De redenen waarvoor agrariërs energieopslagsystemen aanschaffen is niet heel anders dan bij andere industrieën of partijen, vertelt Looijen. Ze hebben een buffer nodig, een overschot aan zonnestroom of willen de stroom verhandelen.
Looijen ziet dat steeds meer verzekeraars informatie over energieopslagsystemen op hun website hebben staan. Dat maakt het voor agrariërs makkelijker om snel de belangrijkste informatie te kunnen vinden over energieopslagsystemen. Tegelijkertijd helpt het als ze zo vroeg mogelijk naar een verzekeraar stappen, vertelt Looijen, want iedere situatie is uniek en kan samen met de verzekeraar worden afgestemd op de specifieke omstandigheden.
In 2016 was Looijen voor het eerst betrokken bij het verzekeren van een energieopslagsysteem. “Sindsdien zijn we ons meer bewust gewonden van de potentie als het fout gaat, maar bijvoorbeeld ook de invloed van het afstemmen tot transformatoren. De elektrische installatie die aan een energieopslagsysteem vast zit, wordt namelijk zwaarder belast dan wanneer er geen energieopslagsysteem aan vastzit.”
Thermal runaway
Het grootste risico van een energieopslagsysteem is een thermal runaway, vertelt Looijen. “Dat betekent dat de batterij door een bepaalde fout tot zelfontbranding komt die zichzelf in stand houdt en nauwelijks te blussen is. Dus als je stopt met blussen of koelen, dan gaat die brand verder. Om die brand echt onder controle te krijgen is bijna niet te doen.” Daarom hebben energieopslagsystemen een groter veiligheidsrisico dan andere energie-installaties zoals zonnepanelen of warmtepompen.
Omdat een energieopslagsysteem dus een risico loopt om uren te branden, moet je daar rekening mee houden bij het plaatsen van het systeem, vertelt Looijen. “Het is niet iets wat vaak voorkomt, maar je moet wel rekening houden met het worst case scenario.” Daarbij gaat het zowel om de veiligheid van mensen als om de mogelijke impact op het bedrijf en de omgeving.
De eerste en belangrijkste stap daarvoor, is het kiezen van de locatie van het energieopslagsysteem.
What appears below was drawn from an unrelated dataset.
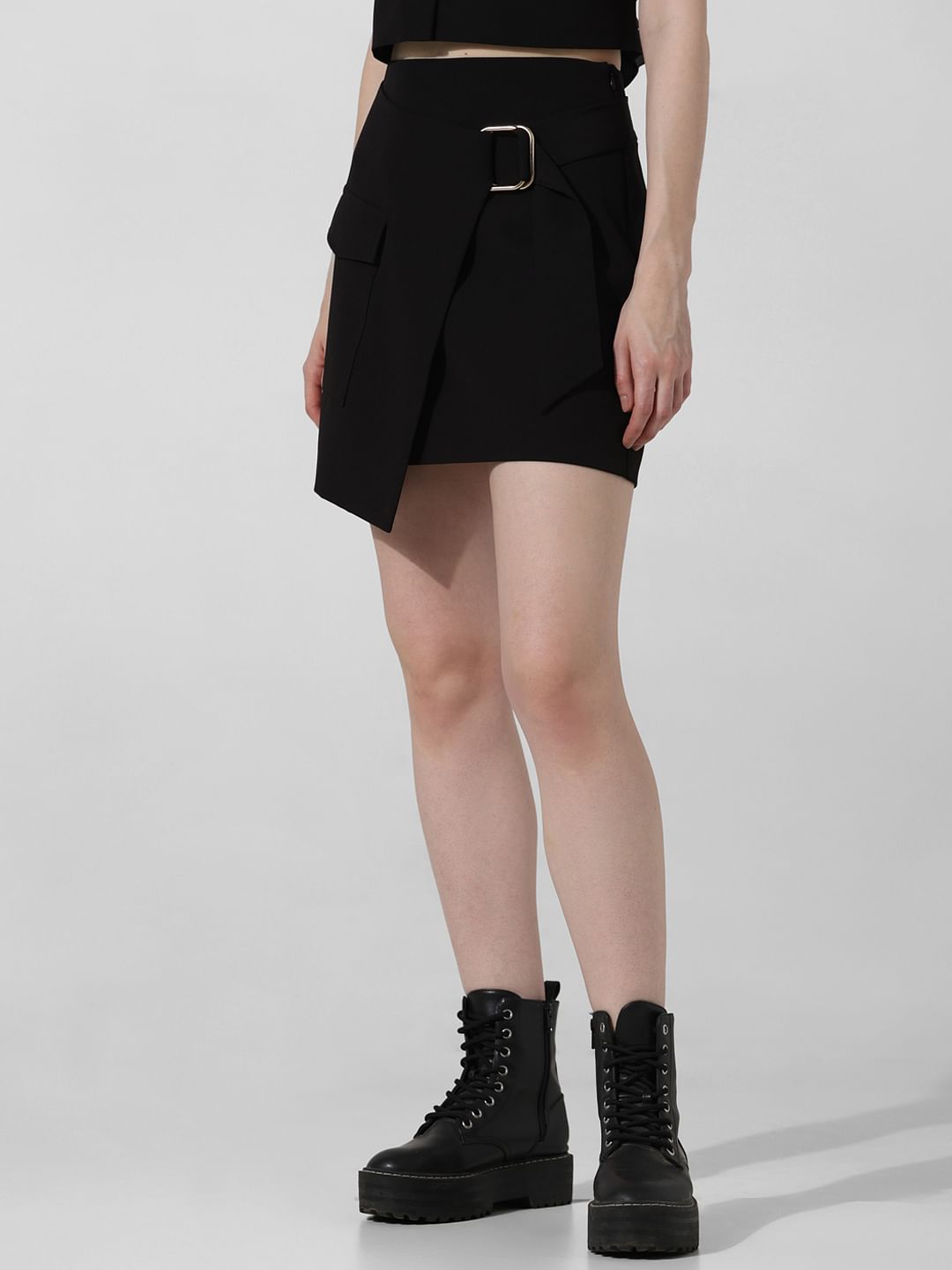 Black High Rise Co-Ord Set Wrap Skirt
Agrarisch plaats je het energieopslagsysteem (vanaf 100 kilowattuur) altijd buiten, vertelt Looijen. “Het is agrarisch nooit logisch om iets binnen te plaatsen. Want als het fout gaat, heeft het altijd consequenties voor de dieren of de planten, dat moet je niet willen.”
Ook moet er voldoende afstand worden gehouden van plekken waar vaak mensen aanwezig zijn of die essentieel zijn voor het bedrijf. “Daarbij is de kern dat je een potentieel risicovol element niet plaatst naast iets wat je altijd nodig hebt voor je core-business”, zegt Looijen. “Heb je een melkkoeienbedrijf, dan wil je melk leveren. Dus als je energieopslag neerzet, wil je ervoor zorgen dat mocht er iets fout gaat met die energieopslag dat het geen of zo min mogelijk impact heeft op de koeien en het melken van de koeien.”
“Kijk daarbij ook verder dan je eigen terrein. Wat zijn de (bedrijfs)activiteiten van je buren?” Als je bijvoorbeeld op de hoek van het terrein het energieopslagsysteem plaatst, moet dat voor beiden veilig zijn. Afhankelijk van de grootte en afstand van het energieopslagsysteem tot het gebouw, kan het plaatsen van een betonnen muur tussen de batterij en het gebouw een oplossing izjn.
Verder is het belangrijk dat de elektrische installatie op een degelijke manier is uitgevoerd. Hierbij moet worden bekeken of de installatie goed elektrisch is aangesloten, of het bijvoorbeeld direct naar een trafohuisje gaat, en of de opslag de koppeling met verschillende bronnen goed aankan. Die installatie moet, zoals alle elektrische installaties, conform de NEN1010 zijn aangelegd.
Noodplan
Ook het opstellen van een noodplan is belangrijk, zegt Looijen. “Want stel het gaat fout, dan moet je weten wat je kan doen. En als je daar van tevoren over nagedacht hebt, is dat makkelijker.” In een noodplan staat wat je moet doen in geval van calamiteiten, zoals brand. Daarin leg je bijvoorbeeld vast waar bluswater beschikbaar is en de telefoonnummers van leveranciers.
Looijen: “Veel fabrikanten en leveranciers hebben een standaard format voor een noodplan om aan te passen aan de situatie bij een klant. De locatie van de EOS bij het bedrijf is bepalend voor de acties in het noodplan.”
Standaard inspectiemethodiek
Voor apparaten zoals zonnestroominstallaties en warmtepompen zijn een SCIOS (Stichting Certificering Onderhoud en Inspectie van Stookinstallatie) Scope 12 of Scope 10 inspectie vaak al verplicht voor het afsluiten van een verzekering. Bij deze inspecties wordt de (brand)veiligheid van elektrische installaties gekeurd. SCIOS werkt al aan een inspectiemethodiek voor energieopslagsystemen, vertelt Looijen. “Ik verwacht dat verzekeraars die inspectiemethodiek gaan overnemen. En dat dat net zoals bij Scope 10 of Scope 12 standaard gaat worden.”